I found a 820 on CL's last week and getting ready to put it back together (completely disassembled to move it) today. http://www.lathe.com/ser-no.htm is a list of Logan serial numbers and year made associated with those numbers.

Best of luck on your job search.


----------



## CluelessNewB (Nov 17, 2018)

Pictures please!


----------



## Wolfram Malukker (Nov 19, 2018)

Worked on it more this weekend, and cleaned up the bed enough to see the serial number-this thing was PACKED in sawdust. Mine is a 1946 build date, serial 37728.

Coupla nice things from Andy Lofquist showed up today, the A-11 Cross slide/Boring table and the the Angle Plate. It's been a while, but I still remember how to do an angle plate solely on the lathe.


----------



## Wolfram Malukker (Nov 25, 2018)

Alright, photo time. Let's see if we can ID some bits and pieces here:

Loading it up in the back of the truck:


----------



## Wolfram Malukker (Nov 25, 2018)

Alright, photo time. Let's see if we can ID some bits and pieces here:

Loading it up in the back of the truck:











Once home, all the parts were counted and the books were put away.











Mixed up a bit of a modified alkyd enamel, I think I got pretty close to the only parts that have the original paint left:






Now that I've got the paint matched fairly well, I started stripping off the 1970's shag-carpet-green, some red smears, and a LOT of chipped and blistered blue-black. 











Citristrip seems to work just fine removing the old leaded paint, without causing dust. A scrub down with some hot TSP and they'll be ready to repaint. 

Here's some photos of the taper attachment that I am having a hard time identifying. It appears to be the part delivered with the 1920 11" lathe, looking at photos. It works just fine with this 820, though.


























The gib strip is missing out of the slide block, I'll have to make another one. Also the stud in the slide block is gone, it the bolt that is currently there needs a stack of washers to position the cross-slide bracket correctly without binding. 

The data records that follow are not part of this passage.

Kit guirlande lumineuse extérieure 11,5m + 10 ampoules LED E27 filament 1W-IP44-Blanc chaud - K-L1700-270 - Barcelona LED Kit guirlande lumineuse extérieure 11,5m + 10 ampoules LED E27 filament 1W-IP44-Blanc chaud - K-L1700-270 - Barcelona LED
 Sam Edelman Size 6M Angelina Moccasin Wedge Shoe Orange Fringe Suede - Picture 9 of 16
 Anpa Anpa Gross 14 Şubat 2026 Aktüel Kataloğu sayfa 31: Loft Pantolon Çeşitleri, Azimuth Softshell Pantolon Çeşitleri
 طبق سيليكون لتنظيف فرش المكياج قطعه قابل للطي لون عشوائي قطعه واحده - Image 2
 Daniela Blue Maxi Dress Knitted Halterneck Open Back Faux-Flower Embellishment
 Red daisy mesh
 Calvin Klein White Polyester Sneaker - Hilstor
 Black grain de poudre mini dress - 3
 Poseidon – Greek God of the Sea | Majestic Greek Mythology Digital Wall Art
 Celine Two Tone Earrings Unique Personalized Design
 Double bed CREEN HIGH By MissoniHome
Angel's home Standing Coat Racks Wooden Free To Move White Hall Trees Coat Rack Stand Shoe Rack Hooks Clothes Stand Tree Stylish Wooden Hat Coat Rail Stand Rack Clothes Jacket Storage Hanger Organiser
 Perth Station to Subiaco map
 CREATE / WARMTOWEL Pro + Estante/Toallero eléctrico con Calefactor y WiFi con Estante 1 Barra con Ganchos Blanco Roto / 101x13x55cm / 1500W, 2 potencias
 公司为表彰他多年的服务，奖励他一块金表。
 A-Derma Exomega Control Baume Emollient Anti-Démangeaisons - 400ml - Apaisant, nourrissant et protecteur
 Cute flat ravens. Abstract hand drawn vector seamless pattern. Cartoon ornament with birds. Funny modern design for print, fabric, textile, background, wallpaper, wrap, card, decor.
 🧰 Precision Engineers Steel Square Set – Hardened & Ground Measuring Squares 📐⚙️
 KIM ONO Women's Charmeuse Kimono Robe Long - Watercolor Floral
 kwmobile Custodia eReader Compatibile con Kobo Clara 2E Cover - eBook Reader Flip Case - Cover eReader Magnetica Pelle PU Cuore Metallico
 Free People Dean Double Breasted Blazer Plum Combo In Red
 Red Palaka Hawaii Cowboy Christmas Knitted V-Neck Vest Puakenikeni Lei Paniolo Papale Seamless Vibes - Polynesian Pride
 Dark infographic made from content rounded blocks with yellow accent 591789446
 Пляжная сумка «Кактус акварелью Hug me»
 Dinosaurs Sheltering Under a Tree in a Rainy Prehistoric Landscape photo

This lathe will get a 3-phase motor conversion and VFD, and may eventually become a cabinet model. The original motor that was fitted was 3-phase, but the motor I've got here that came with it is a 220v reversible, with a Furnas branded drum switch. It wasn't the original fitment, it was bolted to a wooden block and the block bolted to the motor bracket.

I'll have more photos as I get more work done.


----------



## Wolfram Malukker (Nov 27, 2018)

Picked up a motor for this today, was wandering through the scrapyard and found a Baldor inverter-duty 1HP/3ph on top of the bin that didn't look like it had been there long. Turned the pulley, and the bearings were pretty rough, so I knew why it was out of service. Took it down the street to the rewinder and had it hi-pot tested, it passed at 3000V and showed zero inter-winding issues. He had the bearings on the shelf, so 19$ later, I have a good motor and a pair of new bearings to suit, just gotta scrub it down, hit it with some glyptal, and change the bearings on the armature.

It will work well with the Automation Direct GS1 drive I picked up out of a control cabinet in the same scrapyard a few weeks ago. There were four in the cabinet, out of the four three were still good and the fourth was pretty crispy. I am keeping my eyes open for a good control cabinet, I've got a small one that will work but it will be tight.


----------



## Nogoingback (Nov 29, 2018)

Congrats on the new lathe.  It looks like it'll clean up nicely.


----------



## tmenyc (Nov 29, 2018)

I'm another newbie 820 owner, so am enjoying this as well.  And, I appreciate your far deeper knowledge of how these things work...but I'm learning!
Tim


----------



## Wolfram Malukker (Nov 30, 2018)

While waiting on the painting to move forward (recoat windows are a pain, sometimes...) I have been borrowing a mill to complete the A-11 Cross Slide casting from Metal Lathe Accessories to fit the Logan.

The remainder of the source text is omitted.